● PROBLEM TO SOLVE: The records should be restated exactly from their first line through the line with "Vintage Acqua By" in it.

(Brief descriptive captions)
== Segment start ==

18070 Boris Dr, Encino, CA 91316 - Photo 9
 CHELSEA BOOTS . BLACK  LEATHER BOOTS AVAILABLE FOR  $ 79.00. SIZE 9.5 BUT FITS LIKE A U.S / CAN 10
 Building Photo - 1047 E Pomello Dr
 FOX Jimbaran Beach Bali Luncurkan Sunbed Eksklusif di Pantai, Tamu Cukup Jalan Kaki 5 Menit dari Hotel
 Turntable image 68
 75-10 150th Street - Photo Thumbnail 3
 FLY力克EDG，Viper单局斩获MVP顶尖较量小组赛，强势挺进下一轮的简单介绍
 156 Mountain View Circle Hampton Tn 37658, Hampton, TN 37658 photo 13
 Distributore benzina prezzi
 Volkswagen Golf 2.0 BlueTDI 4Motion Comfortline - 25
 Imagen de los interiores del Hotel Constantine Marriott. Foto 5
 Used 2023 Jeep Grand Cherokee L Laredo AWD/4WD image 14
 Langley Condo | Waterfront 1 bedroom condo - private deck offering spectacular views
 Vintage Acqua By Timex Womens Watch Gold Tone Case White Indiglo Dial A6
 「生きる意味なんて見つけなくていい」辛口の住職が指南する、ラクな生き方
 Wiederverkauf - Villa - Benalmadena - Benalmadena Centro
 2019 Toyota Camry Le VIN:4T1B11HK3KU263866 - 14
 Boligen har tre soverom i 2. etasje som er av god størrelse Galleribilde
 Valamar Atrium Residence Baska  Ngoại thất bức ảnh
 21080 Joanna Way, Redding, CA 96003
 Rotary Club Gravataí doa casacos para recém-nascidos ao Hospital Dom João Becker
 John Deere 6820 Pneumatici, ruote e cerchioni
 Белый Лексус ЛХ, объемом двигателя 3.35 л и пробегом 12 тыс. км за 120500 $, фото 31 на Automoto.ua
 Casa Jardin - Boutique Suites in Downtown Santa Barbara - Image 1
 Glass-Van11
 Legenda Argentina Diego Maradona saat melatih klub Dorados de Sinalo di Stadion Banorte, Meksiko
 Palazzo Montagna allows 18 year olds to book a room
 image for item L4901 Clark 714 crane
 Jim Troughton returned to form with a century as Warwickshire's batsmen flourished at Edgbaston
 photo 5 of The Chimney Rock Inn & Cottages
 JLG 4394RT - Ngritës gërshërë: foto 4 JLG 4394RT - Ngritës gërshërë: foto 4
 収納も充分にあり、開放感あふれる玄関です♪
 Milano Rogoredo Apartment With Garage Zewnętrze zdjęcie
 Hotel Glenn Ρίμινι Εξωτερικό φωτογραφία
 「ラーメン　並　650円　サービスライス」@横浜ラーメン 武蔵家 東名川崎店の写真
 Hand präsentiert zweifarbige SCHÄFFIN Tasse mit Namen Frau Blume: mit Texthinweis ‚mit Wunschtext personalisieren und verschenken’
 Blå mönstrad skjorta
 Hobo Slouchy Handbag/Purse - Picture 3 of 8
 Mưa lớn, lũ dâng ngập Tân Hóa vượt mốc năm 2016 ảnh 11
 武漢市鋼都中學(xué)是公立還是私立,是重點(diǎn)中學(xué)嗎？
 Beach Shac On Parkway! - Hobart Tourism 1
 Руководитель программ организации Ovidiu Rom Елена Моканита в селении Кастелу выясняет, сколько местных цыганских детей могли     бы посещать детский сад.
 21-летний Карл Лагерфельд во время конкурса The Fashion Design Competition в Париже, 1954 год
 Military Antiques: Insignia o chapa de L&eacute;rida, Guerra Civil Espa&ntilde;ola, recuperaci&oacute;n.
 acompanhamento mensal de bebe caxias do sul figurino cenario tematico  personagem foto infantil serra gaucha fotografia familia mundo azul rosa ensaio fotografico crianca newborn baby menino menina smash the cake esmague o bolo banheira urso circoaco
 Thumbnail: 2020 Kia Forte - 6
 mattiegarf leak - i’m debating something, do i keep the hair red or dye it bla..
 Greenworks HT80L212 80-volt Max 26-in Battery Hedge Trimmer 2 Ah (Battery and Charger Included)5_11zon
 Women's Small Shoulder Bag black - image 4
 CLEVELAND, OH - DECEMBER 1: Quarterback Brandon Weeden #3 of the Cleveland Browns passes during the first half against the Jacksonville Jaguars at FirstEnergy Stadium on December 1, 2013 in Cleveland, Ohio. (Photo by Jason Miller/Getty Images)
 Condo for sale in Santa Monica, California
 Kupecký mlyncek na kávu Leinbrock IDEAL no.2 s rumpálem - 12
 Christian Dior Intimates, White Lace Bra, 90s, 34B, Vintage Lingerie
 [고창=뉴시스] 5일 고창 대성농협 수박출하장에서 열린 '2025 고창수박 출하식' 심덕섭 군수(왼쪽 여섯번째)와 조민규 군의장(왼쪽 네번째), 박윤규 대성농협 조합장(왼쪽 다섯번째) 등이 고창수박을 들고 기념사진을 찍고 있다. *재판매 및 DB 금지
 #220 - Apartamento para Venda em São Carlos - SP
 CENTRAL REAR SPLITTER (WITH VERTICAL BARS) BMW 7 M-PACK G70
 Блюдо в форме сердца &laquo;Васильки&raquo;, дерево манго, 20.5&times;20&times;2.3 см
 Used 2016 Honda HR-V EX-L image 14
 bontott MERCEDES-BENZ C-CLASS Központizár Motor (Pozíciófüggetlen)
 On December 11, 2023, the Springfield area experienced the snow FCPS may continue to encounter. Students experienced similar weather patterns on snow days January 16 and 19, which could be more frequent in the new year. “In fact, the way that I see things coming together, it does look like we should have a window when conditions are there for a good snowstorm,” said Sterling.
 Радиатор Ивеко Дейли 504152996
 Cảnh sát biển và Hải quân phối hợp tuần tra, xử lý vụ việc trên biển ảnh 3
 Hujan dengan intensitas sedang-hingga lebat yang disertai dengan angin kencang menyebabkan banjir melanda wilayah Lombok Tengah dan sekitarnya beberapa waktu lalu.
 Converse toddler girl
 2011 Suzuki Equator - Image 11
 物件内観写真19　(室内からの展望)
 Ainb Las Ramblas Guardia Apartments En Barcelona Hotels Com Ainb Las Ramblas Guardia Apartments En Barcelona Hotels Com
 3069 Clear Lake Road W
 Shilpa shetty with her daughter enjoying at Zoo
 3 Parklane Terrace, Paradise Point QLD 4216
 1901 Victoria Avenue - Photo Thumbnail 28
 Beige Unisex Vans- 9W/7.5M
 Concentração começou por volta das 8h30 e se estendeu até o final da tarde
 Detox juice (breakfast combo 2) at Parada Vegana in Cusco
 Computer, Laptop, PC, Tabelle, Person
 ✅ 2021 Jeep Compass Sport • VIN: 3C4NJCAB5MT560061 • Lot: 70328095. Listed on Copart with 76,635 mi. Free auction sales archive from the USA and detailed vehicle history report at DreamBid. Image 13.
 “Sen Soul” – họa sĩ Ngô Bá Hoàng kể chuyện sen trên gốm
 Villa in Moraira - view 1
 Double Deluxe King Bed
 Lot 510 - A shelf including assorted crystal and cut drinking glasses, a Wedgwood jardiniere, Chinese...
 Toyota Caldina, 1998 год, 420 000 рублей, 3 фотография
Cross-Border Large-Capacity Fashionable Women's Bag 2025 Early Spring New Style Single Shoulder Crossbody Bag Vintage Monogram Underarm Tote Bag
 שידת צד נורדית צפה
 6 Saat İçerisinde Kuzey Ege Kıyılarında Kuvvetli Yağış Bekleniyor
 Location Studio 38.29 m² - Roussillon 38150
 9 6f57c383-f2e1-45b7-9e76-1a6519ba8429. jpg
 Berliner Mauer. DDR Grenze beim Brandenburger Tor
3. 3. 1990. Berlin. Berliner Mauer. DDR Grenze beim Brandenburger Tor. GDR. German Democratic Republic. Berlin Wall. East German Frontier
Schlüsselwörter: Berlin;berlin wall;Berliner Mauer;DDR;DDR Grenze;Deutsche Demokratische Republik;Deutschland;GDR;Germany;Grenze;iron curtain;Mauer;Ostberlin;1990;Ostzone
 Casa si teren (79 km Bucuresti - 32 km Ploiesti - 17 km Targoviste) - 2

== Segment end ==

● RESULT:
18070 Boris Dr, Encino, CA 91316 - Photo 9
 CHELSEA BOOTS . BLACK  LEATHER BOOTS AVAILABLE FOR  $ 79.00. SIZE 9.5 BUT FITS LIKE A U.S / CAN 10
 Building Photo - 1047 E Pomello Dr
 FOX Jimbaran Beach Bali Luncurkan Sunbed Eksklusif di Pantai, Tamu Cukup Jalan Kaki 5 Menit dari Hotel
 Turntable image 68
 75-10 150th Street - Photo Thumbnail 3
 FLY力克EDG，Viper单局斩获MVP顶尖较量小组赛，强势挺进下一轮的简单介绍
 156 Mountain View Circle Hampton Tn 37658, Hampton, TN 37658 photo 13
 Distributore benzina prezzi
 Volkswagen Golf 2.0 BlueTDI 4Motion Comfortline - 25
 Imagen de los interiores del Hotel Constantine Marriott. Foto 5
 Used 2023 Jeep Grand Cherokee L Laredo AWD/4WD image 14
 Langley Condo | Waterfront 1 bedroom condo - private deck offering spectacular views
 Vintage Acqua By Timex Womens Watch Gold Tone Case White Indiglo Dial A6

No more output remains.